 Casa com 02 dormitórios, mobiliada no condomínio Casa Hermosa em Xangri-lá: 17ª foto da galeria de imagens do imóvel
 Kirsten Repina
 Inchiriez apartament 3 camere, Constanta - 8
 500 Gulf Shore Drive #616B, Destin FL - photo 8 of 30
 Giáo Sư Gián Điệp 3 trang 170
== == ==
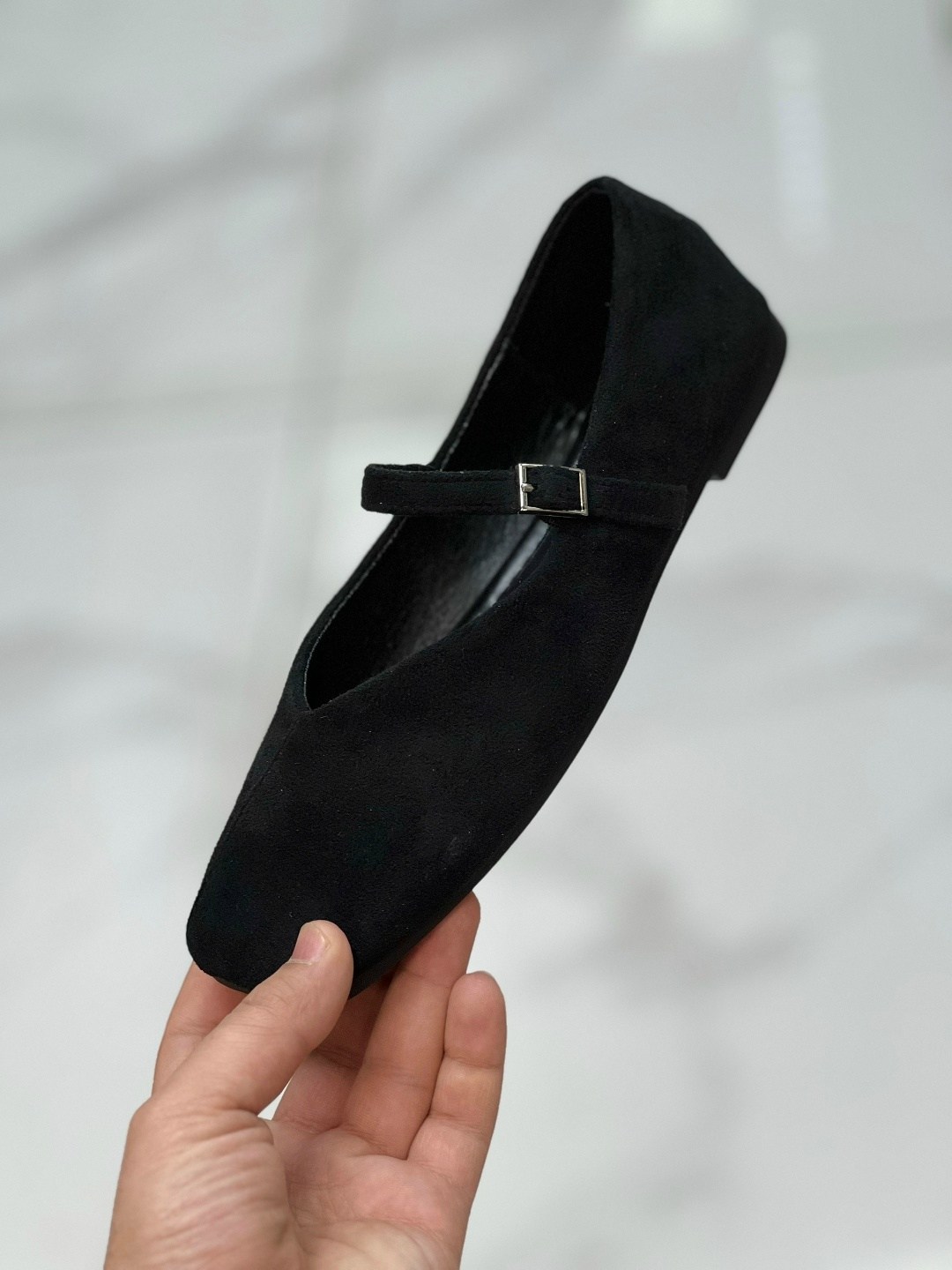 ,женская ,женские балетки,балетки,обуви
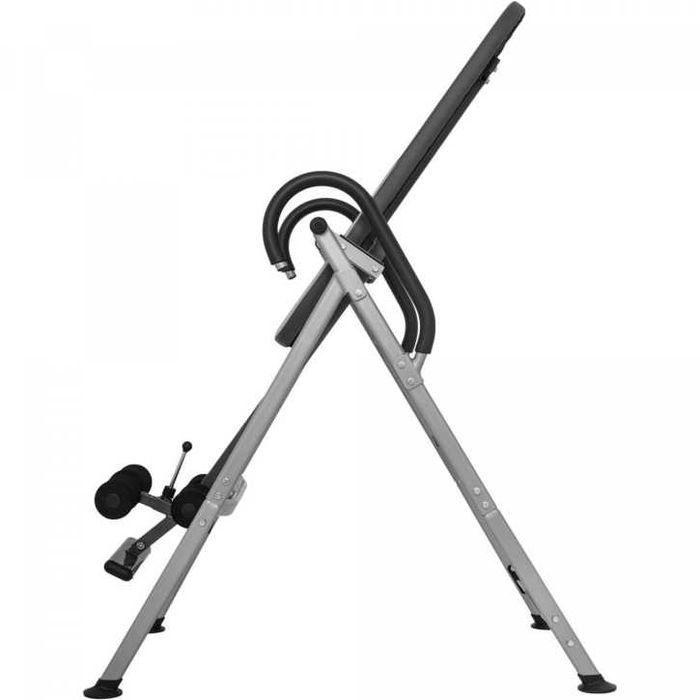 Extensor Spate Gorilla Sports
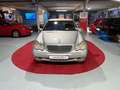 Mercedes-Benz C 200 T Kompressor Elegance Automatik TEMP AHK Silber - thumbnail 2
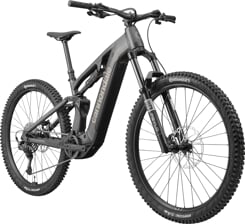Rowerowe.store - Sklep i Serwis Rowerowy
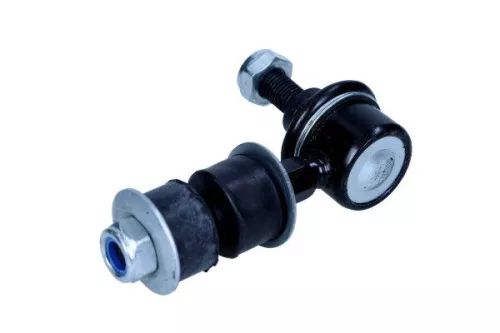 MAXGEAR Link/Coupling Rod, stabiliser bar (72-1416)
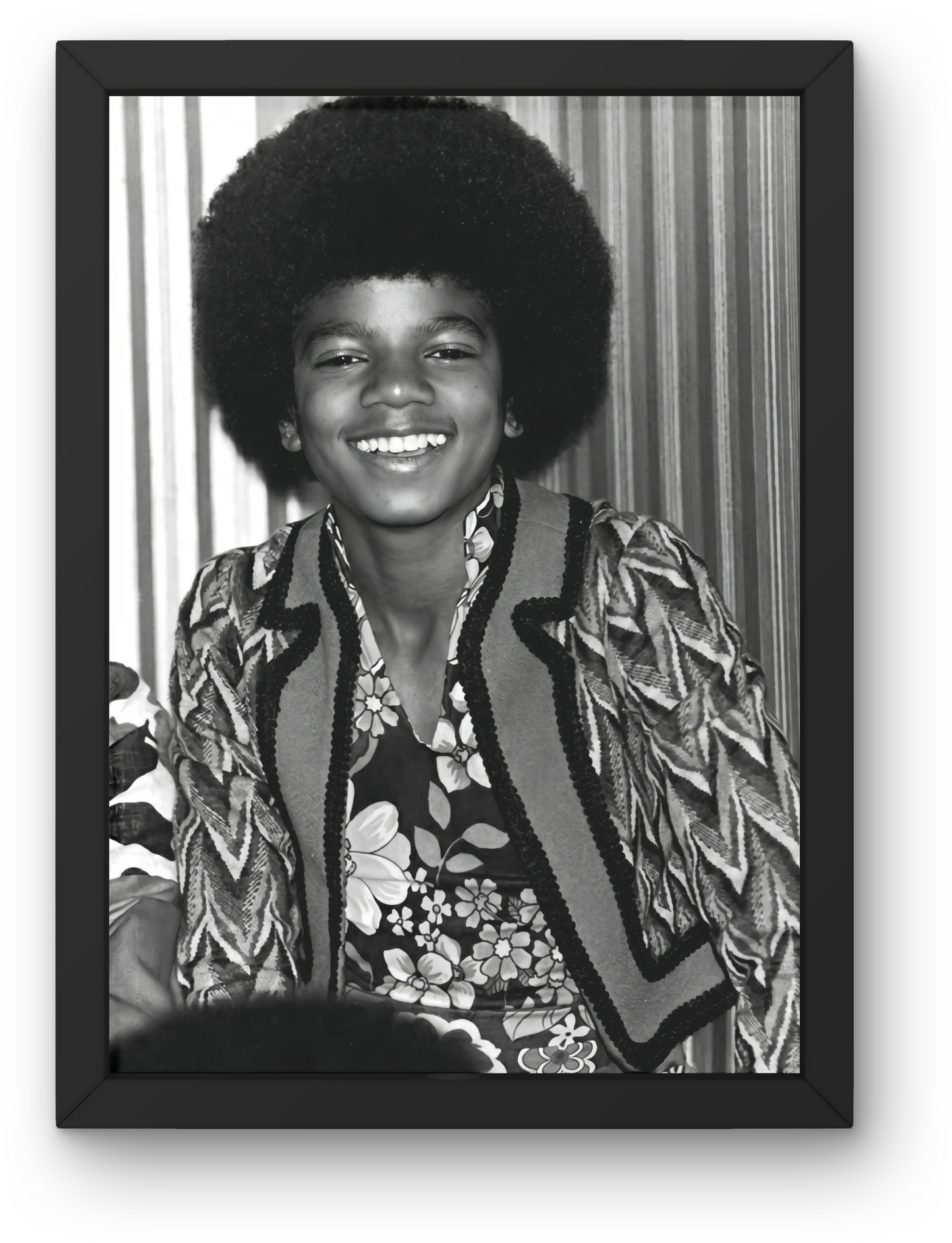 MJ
== == ==
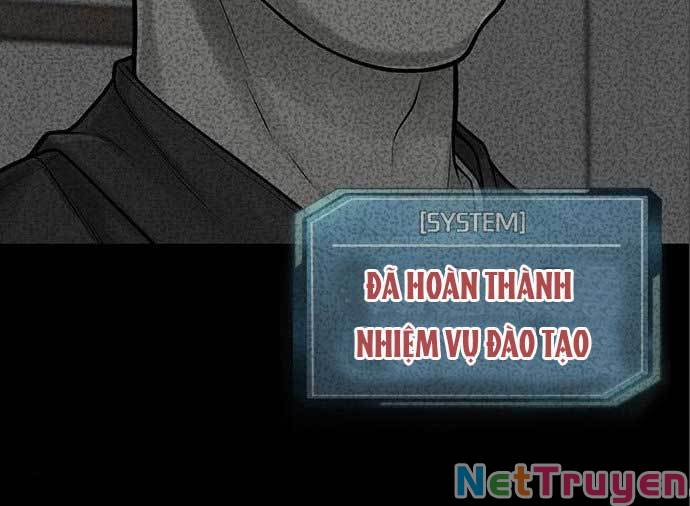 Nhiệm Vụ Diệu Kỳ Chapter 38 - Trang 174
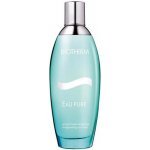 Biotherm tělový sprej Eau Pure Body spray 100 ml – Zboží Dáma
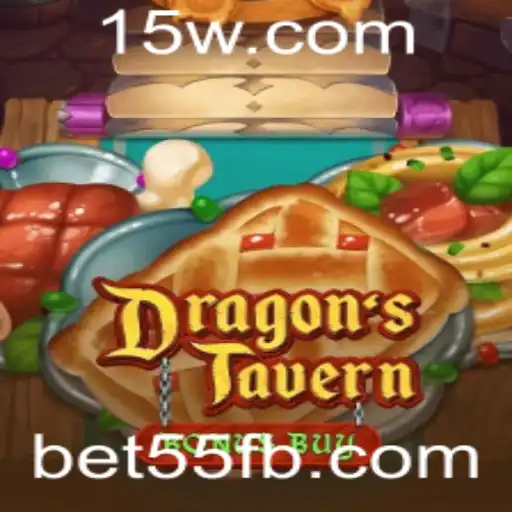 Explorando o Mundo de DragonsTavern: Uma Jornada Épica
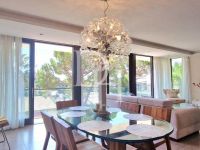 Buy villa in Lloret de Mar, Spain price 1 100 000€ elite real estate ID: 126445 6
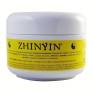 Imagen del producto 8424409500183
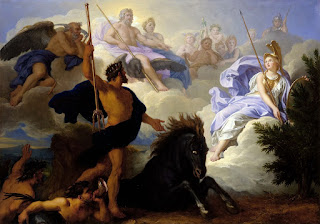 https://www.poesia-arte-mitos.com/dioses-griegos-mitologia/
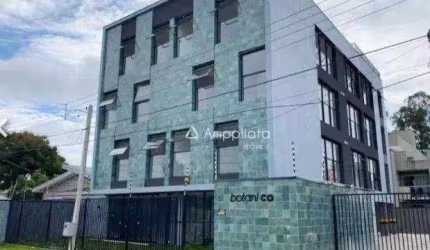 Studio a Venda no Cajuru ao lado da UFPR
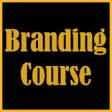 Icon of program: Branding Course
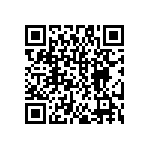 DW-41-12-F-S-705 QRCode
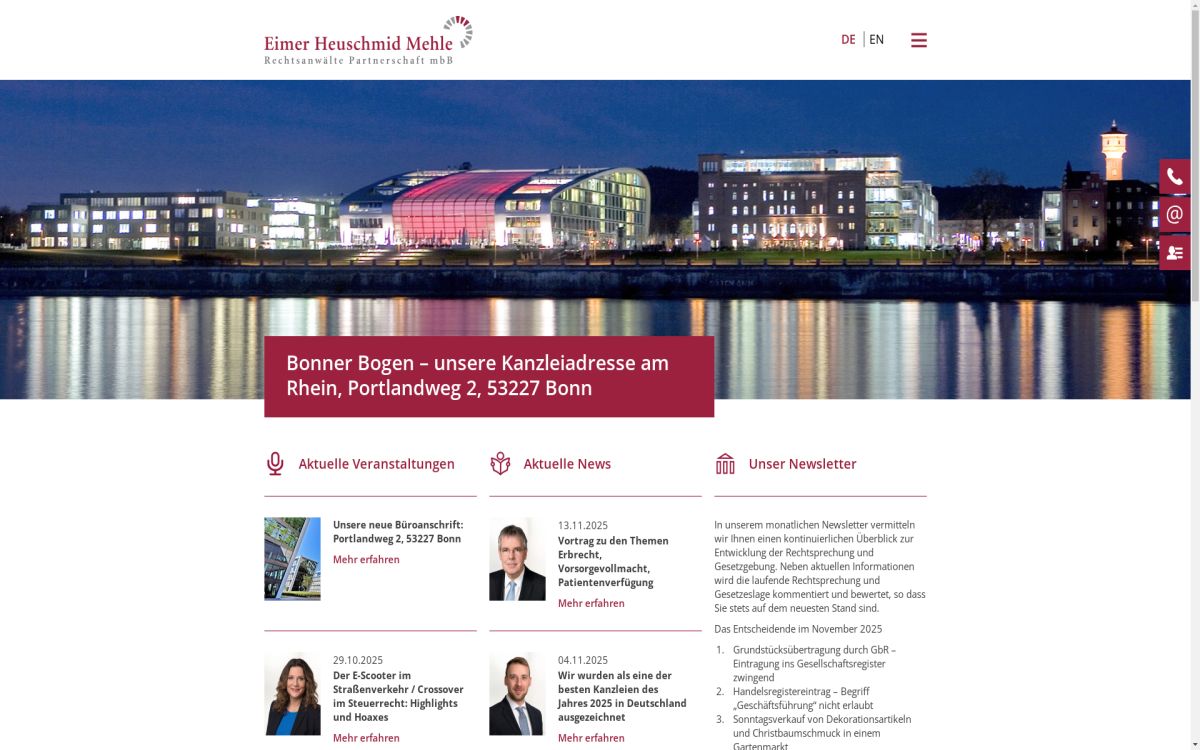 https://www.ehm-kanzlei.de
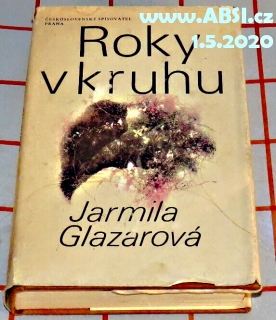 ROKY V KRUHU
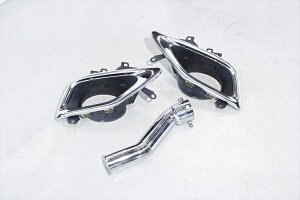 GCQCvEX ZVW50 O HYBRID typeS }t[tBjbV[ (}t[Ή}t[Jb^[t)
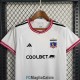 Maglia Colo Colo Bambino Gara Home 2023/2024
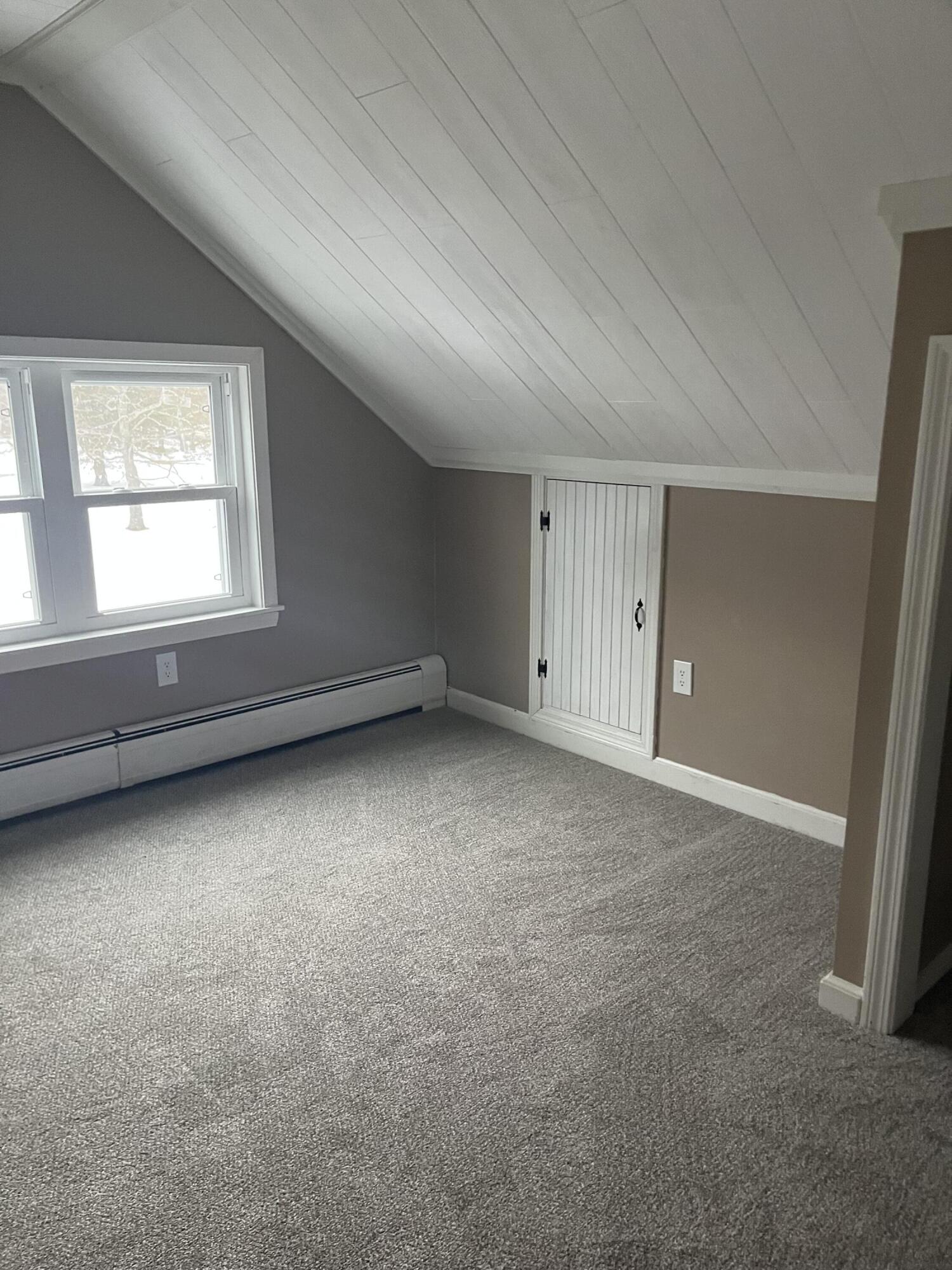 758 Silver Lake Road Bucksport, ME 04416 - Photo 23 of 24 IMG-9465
== == ==
**Problem statement**
Extract exactly and only the lines above from the line containing "500 Gulf Shore" through the line containing "Giáo Sư Gián Điệp 3 trang 170", both end lines included.

**Solution below**
 500 Gulf Shore Drive #616B, Destin FL - photo 8 of 30
 Giáo Sư Gián Điệp 3 trang 170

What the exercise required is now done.